Assigned task: Nothing but the lines below from the one that contains "A house with" through the one that contains "Portrait of a" should be retyped, exactly and including both ends. Do not include pictures.

*** Opening Record set ***

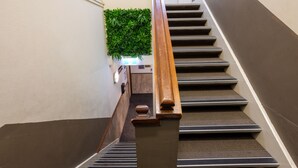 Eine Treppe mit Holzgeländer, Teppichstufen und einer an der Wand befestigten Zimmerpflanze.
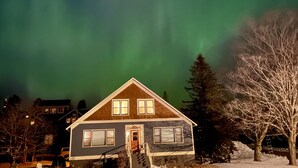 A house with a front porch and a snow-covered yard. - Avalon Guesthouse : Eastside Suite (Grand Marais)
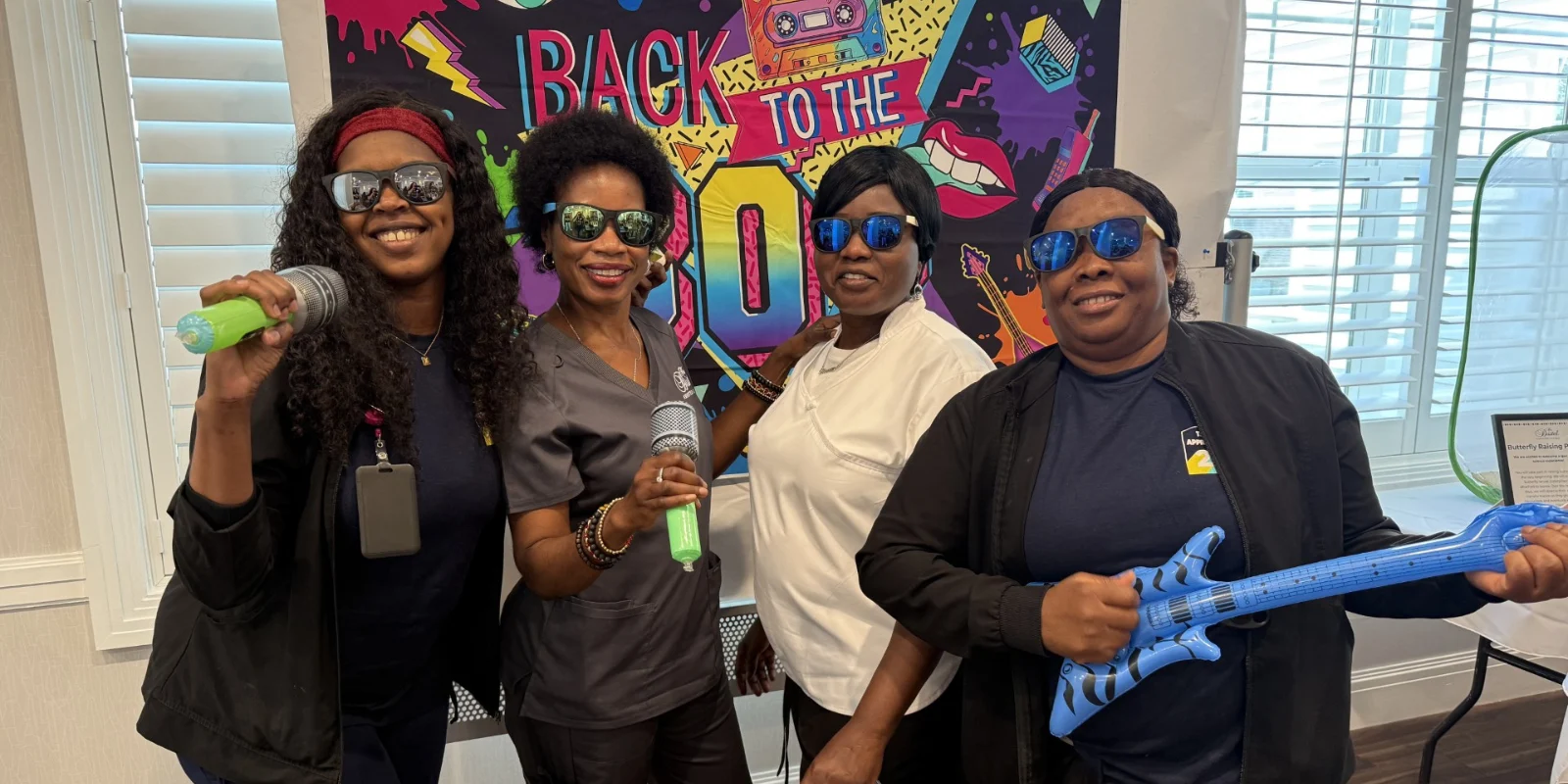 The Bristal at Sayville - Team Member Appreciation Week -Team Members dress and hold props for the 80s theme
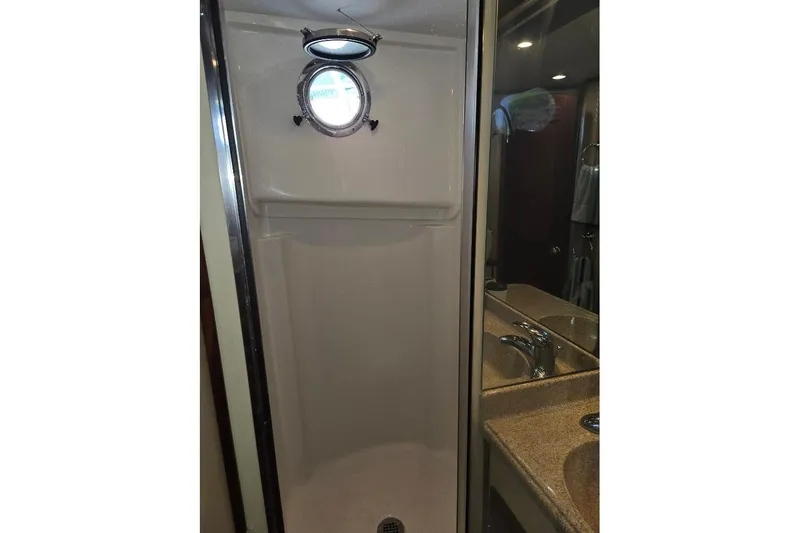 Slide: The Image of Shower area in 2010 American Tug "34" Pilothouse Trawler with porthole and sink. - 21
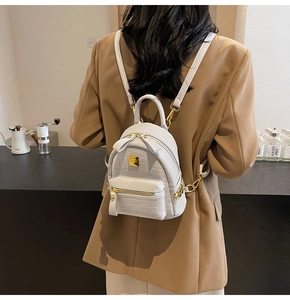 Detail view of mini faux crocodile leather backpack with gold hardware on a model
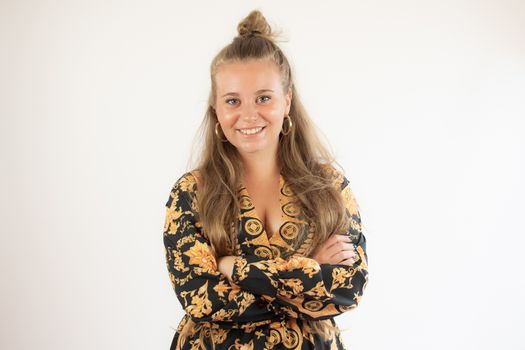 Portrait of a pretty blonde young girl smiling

*** Closing Record set ***
*** Opening Record set ***

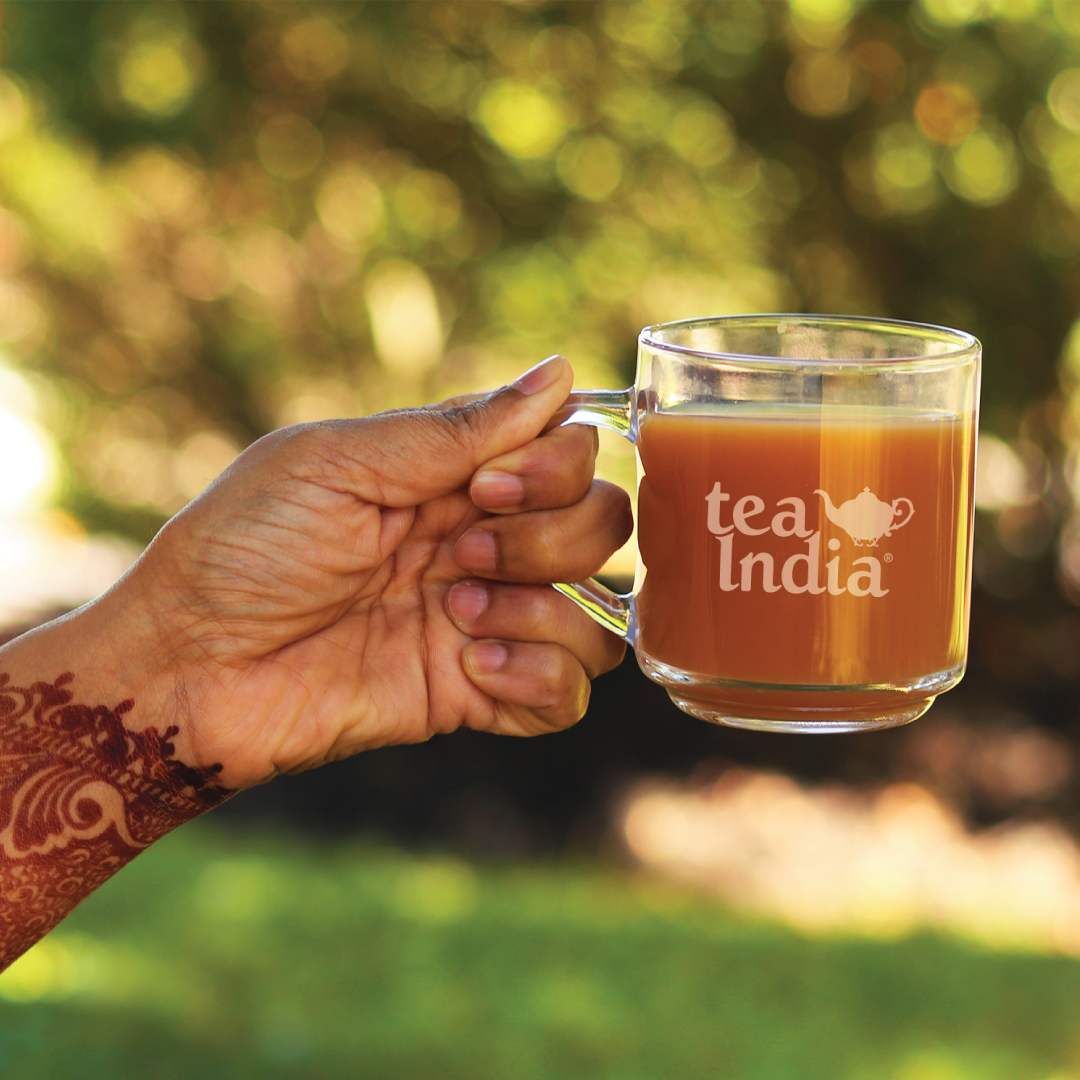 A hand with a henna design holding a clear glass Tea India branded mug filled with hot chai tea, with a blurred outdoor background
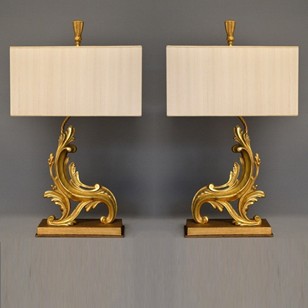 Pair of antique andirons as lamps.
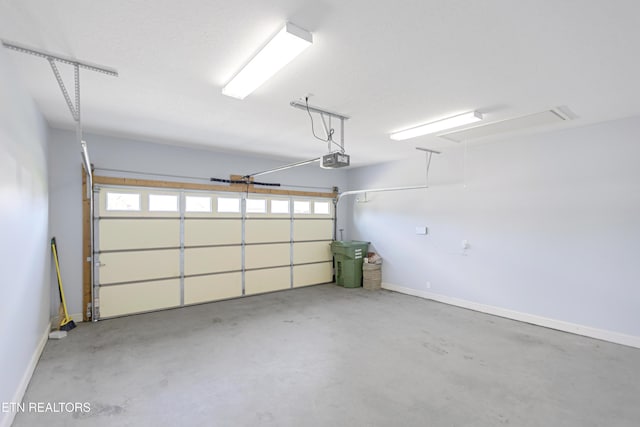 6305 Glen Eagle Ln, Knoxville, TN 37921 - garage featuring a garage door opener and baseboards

*** Closing Record set ***

Task solution:
 A house with a front porch and a snow-covered yard. - Avalon Guesthouse : Eastside Suite (Grand Marais)
 The Bristal at Sayville - Team Member Appreciation Week -Team Members dress and hold props for the 80s theme
 Slide: The Image of Shower area in 2010 American Tug "34" Pilothouse Trawler with porthole and sink. - 21
 Detail view of mini faux crocodile leather backpack with gold hardware on a model
 Portrait of a pretty blonde young girl smiling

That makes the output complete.